| Problem |
Copy out all of the entries, keeping every word the same.

(Records contained in a dataset)

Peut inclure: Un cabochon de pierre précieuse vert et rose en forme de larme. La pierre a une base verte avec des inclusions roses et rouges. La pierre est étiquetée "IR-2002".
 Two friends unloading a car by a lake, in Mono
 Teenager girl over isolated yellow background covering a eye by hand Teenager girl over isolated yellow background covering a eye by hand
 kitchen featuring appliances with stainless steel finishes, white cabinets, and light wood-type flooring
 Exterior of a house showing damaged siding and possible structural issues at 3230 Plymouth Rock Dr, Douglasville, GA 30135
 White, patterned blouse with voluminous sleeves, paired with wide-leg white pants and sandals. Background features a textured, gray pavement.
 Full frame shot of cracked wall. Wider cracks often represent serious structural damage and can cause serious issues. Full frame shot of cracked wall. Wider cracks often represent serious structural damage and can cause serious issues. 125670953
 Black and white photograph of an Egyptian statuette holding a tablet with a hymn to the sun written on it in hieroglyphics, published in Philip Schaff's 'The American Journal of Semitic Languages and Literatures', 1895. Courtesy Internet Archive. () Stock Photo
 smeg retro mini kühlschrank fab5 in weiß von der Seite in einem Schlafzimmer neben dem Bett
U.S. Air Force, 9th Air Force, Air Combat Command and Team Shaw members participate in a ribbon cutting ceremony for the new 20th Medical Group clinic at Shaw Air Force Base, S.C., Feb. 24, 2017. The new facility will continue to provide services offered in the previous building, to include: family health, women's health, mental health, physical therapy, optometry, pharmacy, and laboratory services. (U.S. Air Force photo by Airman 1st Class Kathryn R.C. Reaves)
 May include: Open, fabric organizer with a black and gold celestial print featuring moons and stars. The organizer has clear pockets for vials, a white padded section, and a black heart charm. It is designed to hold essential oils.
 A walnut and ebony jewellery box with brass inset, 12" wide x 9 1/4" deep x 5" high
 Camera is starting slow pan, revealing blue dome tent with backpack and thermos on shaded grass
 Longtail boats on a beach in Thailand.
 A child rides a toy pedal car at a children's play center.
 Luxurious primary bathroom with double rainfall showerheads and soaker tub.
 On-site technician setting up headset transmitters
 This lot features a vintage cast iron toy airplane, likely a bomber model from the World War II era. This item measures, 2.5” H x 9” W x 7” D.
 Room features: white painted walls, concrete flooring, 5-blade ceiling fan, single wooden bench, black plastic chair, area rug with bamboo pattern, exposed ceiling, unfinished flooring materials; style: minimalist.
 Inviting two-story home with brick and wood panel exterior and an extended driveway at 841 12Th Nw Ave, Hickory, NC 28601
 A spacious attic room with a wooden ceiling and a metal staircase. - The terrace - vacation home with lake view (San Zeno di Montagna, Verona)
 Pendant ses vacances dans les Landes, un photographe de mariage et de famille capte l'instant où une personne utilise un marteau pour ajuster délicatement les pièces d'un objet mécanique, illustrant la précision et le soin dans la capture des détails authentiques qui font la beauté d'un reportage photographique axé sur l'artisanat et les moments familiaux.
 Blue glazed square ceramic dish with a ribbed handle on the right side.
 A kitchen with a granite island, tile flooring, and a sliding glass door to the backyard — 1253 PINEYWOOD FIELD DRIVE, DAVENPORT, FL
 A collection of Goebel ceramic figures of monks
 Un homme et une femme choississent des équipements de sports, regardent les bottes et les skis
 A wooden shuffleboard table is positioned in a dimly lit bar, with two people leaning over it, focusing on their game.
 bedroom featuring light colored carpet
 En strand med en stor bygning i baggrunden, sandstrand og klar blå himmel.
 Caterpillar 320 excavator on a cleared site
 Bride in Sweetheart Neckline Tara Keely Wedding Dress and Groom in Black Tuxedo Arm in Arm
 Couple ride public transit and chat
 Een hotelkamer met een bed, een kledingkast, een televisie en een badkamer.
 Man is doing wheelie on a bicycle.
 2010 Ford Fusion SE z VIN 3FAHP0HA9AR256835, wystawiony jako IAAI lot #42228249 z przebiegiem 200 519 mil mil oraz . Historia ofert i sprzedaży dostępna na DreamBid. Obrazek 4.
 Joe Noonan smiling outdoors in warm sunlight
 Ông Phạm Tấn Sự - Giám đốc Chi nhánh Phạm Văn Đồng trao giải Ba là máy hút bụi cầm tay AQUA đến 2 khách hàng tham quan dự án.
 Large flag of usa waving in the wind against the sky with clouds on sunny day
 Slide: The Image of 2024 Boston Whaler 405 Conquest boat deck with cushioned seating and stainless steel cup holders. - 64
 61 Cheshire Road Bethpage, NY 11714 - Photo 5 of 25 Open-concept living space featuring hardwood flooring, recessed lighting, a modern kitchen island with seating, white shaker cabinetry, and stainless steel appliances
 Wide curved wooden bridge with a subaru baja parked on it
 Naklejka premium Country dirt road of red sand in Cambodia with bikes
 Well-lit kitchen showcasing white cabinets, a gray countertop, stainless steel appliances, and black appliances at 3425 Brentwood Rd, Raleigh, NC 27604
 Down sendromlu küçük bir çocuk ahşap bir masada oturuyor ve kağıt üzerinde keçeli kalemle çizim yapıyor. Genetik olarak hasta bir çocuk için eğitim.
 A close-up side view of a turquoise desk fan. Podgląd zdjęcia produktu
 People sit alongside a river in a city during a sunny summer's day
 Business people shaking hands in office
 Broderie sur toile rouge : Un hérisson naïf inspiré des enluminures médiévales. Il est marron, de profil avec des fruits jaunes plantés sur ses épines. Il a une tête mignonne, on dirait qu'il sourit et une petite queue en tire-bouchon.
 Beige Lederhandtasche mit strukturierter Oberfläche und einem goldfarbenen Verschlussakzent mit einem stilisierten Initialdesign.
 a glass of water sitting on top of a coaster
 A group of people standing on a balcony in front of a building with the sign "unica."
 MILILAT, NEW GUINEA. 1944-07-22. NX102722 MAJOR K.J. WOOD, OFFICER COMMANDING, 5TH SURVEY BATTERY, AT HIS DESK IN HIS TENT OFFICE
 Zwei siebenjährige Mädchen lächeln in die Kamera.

| Answer for this exercise |
Peut inclure: Un cabochon de pierre précieuse vert et rose en forme de larme. La pierre a une base verte avec des inclusions roses et rouges. La pierre est étiquetée "IR-2002".
 Two friends unloading a car by a lake, in Mono
 Teenager girl over isolated yellow background covering a eye by hand Teenager girl over isolated yellow background covering a eye by hand
 kitchen featuring appliances with stainless steel finishes, white cabinets, and light wood-type flooring
 Exterior of a house showing damaged siding and possible structural issues at 3230 Plymouth Rock Dr, Douglasville, GA 30135
 White, patterned blouse with voluminous sleeves, paired with wide-leg white pants and sandals. Background features a textured, gray pavement.
 Full frame shot of cracked wall. Wider cracks often represent serious structural damage and can cause serious issues. Full frame shot of cracked wall. Wider cracks often represent serious structural damage and can cause serious issues. 125670953
 Black and white photograph of an Egyptian statuette holding a tablet with a hymn to the sun written on it in hieroglyphics, published in Philip Schaff's 'The American Journal of Semitic Languages and Literatures', 1895. Courtesy Internet Archive. () Stock Photo
 smeg retro mini kühlschrank fab5 in weiß von der Seite in einem Schlafzimmer neben dem Bett
U.S. Air Force, 9th Air Force, Air Combat Command and Team Shaw members participate in a ribbon cutting ceremony for the new 20th Medical Group clinic at Shaw Air Force Base, S.C., Feb. 24, 2017. The new facility will continue to provide services offered in the previous building, to include: family health, women's health, mental health, physical therapy, optometry, pharmacy, and laboratory services. (U.S. Air Force photo by Airman 1st Class Kathryn R.C. Reaves)
 May include: Open, fabric organizer with a black and gold celestial print featuring moons and stars. The organizer has clear pockets for vials, a white padded section, and a black heart charm. It is designed to hold essential oils.
 A walnut and ebony jewellery box with brass inset, 12" wide x 9 1/4" deep x 5" high
 Camera is starting slow pan, revealing blue dome tent with backpack and thermos on shaded grass
 Longtail boats on a beach in Thailand.
 A child rides a toy pedal car at a children's play center.
 Luxurious primary bathroom with double rainfall showerheads and soaker tub.
 On-site technician setting up headset transmitters
 This lot features a vintage cast iron toy airplane, likely a bomber model from the World War II era. This item measures, 2.5” H x 9” W x 7” D.
 Room features: white painted walls, concrete flooring, 5-blade ceiling fan, single wooden bench, black plastic chair, area rug with bamboo pattern, exposed ceiling, unfinished flooring materials; style: minimalist.
 Inviting two-story home with brick and wood panel exterior and an extended driveway at 841 12Th Nw Ave, Hickory, NC 28601
 A spacious attic room with a wooden ceiling and a metal staircase. - The terrace - vacation home with lake view (San Zeno di Montagna, Verona)
 Pendant ses vacances dans les Landes, un photographe de mariage et de famille capte l'instant où une personne utilise un marteau pour ajuster délicatement les pièces d'un objet mécanique, illustrant la précision et le soin dans la capture des détails authentiques qui font la beauté d'un reportage photographique axé sur l'artisanat et les moments familiaux.
 Blue glazed square ceramic dish with a ribbed handle on the right side.
 A kitchen with a granite island, tile flooring, and a sliding glass door to the backyard — 1253 PINEYWOOD FIELD DRIVE, DAVENPORT, FL
 A collection of Goebel ceramic figures of monks
 Un homme et une femme choississent des équipements de sports, regardent les bottes et les skis
 A wooden shuffleboard table is positioned in a dimly lit bar, with two people leaning over it, focusing on their game.
 bedroom featuring light colored carpet
 En strand med en stor bygning i baggrunden, sandstrand og klar blå himmel.
 Caterpillar 320 excavator on a cleared site
 Bride in Sweetheart Neckline Tara Keely Wedding Dress and Groom in Black Tuxedo Arm in Arm
 Couple ride public transit and chat
 Een hotelkamer met een bed, een kledingkast, een televisie en een badkamer.
 Man is doing wheelie on a bicycle.
 2010 Ford Fusion SE z VIN 3FAHP0HA9AR256835, wystawiony jako IAAI lot #42228249 z przebiegiem 200 519 mil mil oraz . Historia ofert i sprzedaży dostępna na DreamBid. Obrazek 4.
 Joe Noonan smiling outdoors in warm sunlight
 Ông Phạm Tấn Sự - Giám đốc Chi nhánh Phạm Văn Đồng trao giải Ba là máy hút bụi cầm tay AQUA đến 2 khách hàng tham quan dự án.
 Large flag of usa waving in the wind against the sky with clouds on sunny day
 Slide: The Image of 2024 Boston Whaler 405 Conquest boat deck with cushioned seating and stainless steel cup holders. - 64
 61 Cheshire Road Bethpage, NY 11714 - Photo 5 of 25 Open-concept living space featuring hardwood flooring, recessed lighting, a modern kitchen island with seating, white shaker cabinetry, and stainless steel appliances
 Wide curved wooden bridge with a subaru baja parked on it
 Naklejka premium Country dirt road of red sand in Cambodia with bikes
 Well-lit kitchen showcasing white cabinets, a gray countertop, stainless steel appliances, and black appliances at 3425 Brentwood Rd, Raleigh, NC 27604
 Down sendromlu küçük bir çocuk ahşap bir masada oturuyor ve kağıt üzerinde keçeli kalemle çizim yapıyor. Genetik olarak hasta bir çocuk için eğitim.
 A close-up side view of a turquoise desk fan. Podgląd zdjęcia produktu
 People sit alongside a river in a city during a sunny summer's day
 Business people shaking hands in office
 Broderie sur toile rouge : Un hérisson naïf inspiré des enluminures médiévales. Il est marron, de profil avec des fruits jaunes plantés sur ses épines. Il a une tête mignonne, on dirait qu'il sourit et une petite queue en tire-bouchon.
 Beige Lederhandtasche mit strukturierter Oberfläche und einem goldfarbenen Verschlussakzent mit einem stilisierten Initialdesign.
 a glass of water sitting on top of a coaster
 A group of people standing on a balcony in front of a building with the sign "unica."
 MILILAT, NEW GUINEA. 1944-07-22. NX102722 MAJOR K.J. WOOD, OFFICER COMMANDING, 5TH SURVEY BATTERY, AT HIS DESK IN HIS TENT OFFICE
 Zwei siebenjährige Mädchen lächeln in die Kamera.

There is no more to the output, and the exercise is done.